What does concern me is what will happen when such conscious systems are realised. If these systems can be implements in silicon without destroying it's gigantic bandwidth capacity over that of a normal neuron, what can we expect when we switch on something we've built to merely have the same number of components in it as there are in a normal human brain. By the time we get round to that we could have transistors operating upwards of a billion times faster than a normal human neuron.
I think that if we're not careful we could have a situation in which we turn on the first conscious network, blink and the network no longer regards us as important.

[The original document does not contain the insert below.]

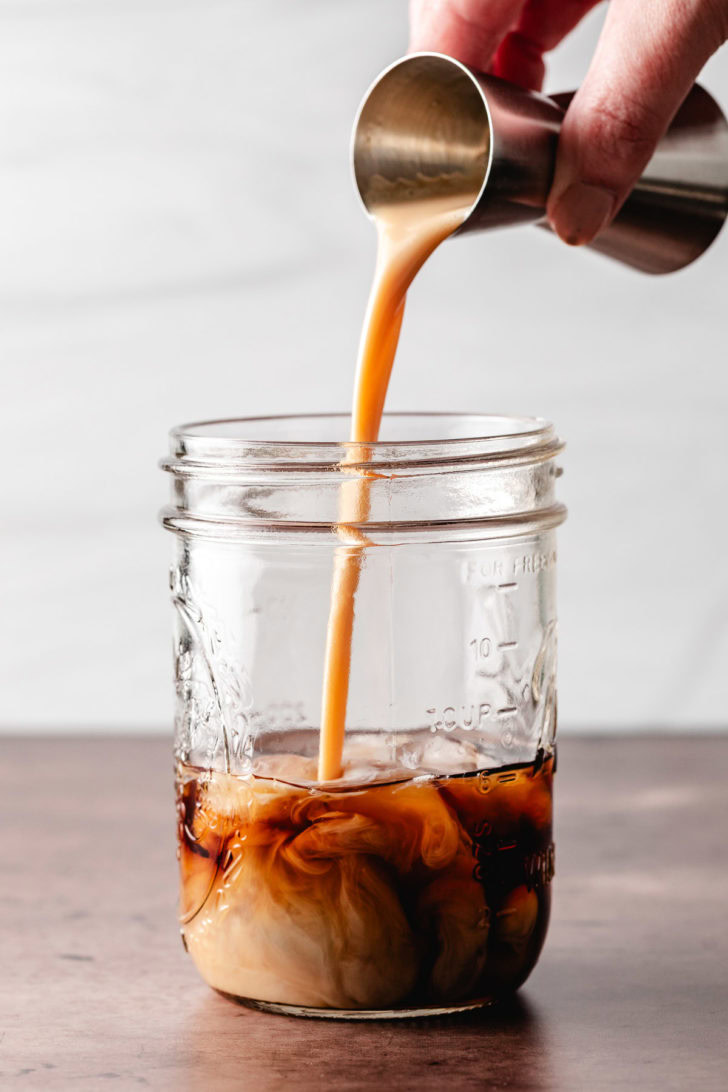 Pumpkin liqueur being poured into a jar.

Sounds a bit like Terminator or The Matrix, I don't like such negative views of it. But I also have the intelligence to think... I look at animals, who have very similar neural networks to myself, and don't consider them as being worth as much as a human. If I turn on something with a similar layout to my own neural net, but with a billion times it's bandwidth, why on Earth should I expect that network to want to work for me? Or indeed, suffer my stupidity. A network with no death, forgetfulness or worry about having to do anything other than think. More likely, the network would start telling me what to do or just ignore me altogether. I'd like to hope that such an intelligence, greater than our own, would also see the hurt it can cause to others better than we can such that we don't end up with networks that believe it's their right to harm us; as many humans believe it's their right to cause animals distress just for the fun of it. Many, more intelligent, humans realise that harming animals just for the fun of it isn't a great thing. And if we can design a conscious network more intelligence than we ourselves possess, maybe this network will also realise that war, causing distress and hating others for no reason other than your own enjoyment is nothing other than counterproductive.
I give humans a lot of credit for their complexity and appreciate the beauty with which so much has been packed into such a neat, efficient package. However, I also realise that I'm nothing more than an organic machine. And a machine that operates at quite a large scale with comparison to what we have learnt to make. I have absolutely no doubt whatsoever that we will eventually build a machine more impressive than myself. What's more, I think those who doubt this are simply uneducated and need to start reading.